## What is being asked
Extract from the entries below, exactly as given, only the lines from the line containing "Morgane Cuisine. Plan de 15 pièces et 146 m2" to the line containing "Bedside Table with", both lines included.

Brief descriptive captions:
********

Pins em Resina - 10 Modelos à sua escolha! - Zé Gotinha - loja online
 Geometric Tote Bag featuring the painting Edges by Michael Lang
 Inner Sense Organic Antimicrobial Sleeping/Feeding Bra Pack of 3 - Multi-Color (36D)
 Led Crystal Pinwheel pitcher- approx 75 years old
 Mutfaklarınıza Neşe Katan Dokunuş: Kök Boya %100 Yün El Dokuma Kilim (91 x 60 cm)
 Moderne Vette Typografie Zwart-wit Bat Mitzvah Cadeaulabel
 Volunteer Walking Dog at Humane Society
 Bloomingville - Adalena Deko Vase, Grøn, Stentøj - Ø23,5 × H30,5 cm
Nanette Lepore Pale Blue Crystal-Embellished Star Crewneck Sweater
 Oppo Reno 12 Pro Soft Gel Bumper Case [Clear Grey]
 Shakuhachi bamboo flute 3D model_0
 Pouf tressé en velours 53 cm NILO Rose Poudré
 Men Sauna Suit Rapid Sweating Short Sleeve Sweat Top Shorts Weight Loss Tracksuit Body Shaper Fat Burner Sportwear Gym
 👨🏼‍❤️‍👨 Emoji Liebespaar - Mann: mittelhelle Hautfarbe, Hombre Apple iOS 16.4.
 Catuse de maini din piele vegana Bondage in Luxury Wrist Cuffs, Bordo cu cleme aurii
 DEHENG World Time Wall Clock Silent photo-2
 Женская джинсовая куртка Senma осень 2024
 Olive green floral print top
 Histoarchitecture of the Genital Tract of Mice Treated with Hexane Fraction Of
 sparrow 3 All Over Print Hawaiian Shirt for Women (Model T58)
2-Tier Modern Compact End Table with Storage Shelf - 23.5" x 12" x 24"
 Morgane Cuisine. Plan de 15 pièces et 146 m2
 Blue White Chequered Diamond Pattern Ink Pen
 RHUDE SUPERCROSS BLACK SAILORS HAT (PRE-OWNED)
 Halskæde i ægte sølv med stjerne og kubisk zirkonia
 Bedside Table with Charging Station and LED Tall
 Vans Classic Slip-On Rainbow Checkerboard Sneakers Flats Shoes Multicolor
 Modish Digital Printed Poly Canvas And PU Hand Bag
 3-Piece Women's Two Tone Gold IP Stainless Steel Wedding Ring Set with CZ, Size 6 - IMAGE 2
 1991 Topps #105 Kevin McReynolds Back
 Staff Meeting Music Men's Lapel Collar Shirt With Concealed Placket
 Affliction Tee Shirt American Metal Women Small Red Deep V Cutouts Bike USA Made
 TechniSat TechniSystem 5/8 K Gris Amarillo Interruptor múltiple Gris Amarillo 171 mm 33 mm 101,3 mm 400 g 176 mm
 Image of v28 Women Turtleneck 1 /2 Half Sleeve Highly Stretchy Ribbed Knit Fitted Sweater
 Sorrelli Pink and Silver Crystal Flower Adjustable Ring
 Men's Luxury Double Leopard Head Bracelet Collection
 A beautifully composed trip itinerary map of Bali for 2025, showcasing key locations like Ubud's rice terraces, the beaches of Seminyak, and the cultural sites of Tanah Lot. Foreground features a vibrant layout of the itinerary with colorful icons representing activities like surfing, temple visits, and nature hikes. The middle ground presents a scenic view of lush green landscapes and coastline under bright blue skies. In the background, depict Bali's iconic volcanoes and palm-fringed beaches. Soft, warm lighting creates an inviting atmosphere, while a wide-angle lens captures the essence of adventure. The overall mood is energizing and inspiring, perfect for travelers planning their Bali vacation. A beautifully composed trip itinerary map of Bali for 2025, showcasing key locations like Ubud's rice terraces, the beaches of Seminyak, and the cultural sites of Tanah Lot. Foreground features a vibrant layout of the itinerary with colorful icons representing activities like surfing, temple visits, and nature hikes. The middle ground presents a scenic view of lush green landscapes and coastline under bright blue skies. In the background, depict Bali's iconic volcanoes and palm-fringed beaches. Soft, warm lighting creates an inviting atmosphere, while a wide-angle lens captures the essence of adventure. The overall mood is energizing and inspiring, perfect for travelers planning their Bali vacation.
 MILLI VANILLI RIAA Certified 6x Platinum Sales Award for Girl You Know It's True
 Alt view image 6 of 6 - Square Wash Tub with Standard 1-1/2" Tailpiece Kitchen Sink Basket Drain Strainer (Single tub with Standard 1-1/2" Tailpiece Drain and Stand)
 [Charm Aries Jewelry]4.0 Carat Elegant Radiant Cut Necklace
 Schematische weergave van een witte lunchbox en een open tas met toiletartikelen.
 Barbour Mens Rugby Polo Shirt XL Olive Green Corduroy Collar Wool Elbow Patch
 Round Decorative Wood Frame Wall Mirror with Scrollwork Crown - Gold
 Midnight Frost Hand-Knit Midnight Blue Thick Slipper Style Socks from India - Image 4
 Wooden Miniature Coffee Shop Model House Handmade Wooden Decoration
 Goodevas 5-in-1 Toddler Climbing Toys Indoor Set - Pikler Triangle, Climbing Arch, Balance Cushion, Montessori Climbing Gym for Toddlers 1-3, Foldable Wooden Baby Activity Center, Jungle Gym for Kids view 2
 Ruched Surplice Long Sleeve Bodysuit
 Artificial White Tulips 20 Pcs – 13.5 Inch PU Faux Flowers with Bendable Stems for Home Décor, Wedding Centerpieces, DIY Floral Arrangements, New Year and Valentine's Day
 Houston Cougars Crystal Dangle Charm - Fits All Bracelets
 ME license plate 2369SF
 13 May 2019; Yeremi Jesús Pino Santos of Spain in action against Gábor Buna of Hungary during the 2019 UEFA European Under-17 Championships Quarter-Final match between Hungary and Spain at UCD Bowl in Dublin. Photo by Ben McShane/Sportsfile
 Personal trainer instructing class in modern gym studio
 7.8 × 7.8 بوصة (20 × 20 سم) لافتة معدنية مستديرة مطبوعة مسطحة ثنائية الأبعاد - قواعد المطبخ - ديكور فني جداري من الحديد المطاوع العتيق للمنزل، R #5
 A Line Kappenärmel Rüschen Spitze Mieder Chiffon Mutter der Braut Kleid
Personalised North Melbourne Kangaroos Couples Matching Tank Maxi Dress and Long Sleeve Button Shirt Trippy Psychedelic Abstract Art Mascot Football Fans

********

## Answer section
 Morgane Cuisine. Plan de 15 pièces et 146 m2
 Blue White Chequered Diamond Pattern Ink Pen
 RHUDE SUPERCROSS BLACK SAILORS HAT (PRE-OWNED)
 Halskæde i ægte sølv med stjerne og kubisk zirkonia
 Bedside Table with Charging Station and LED Tall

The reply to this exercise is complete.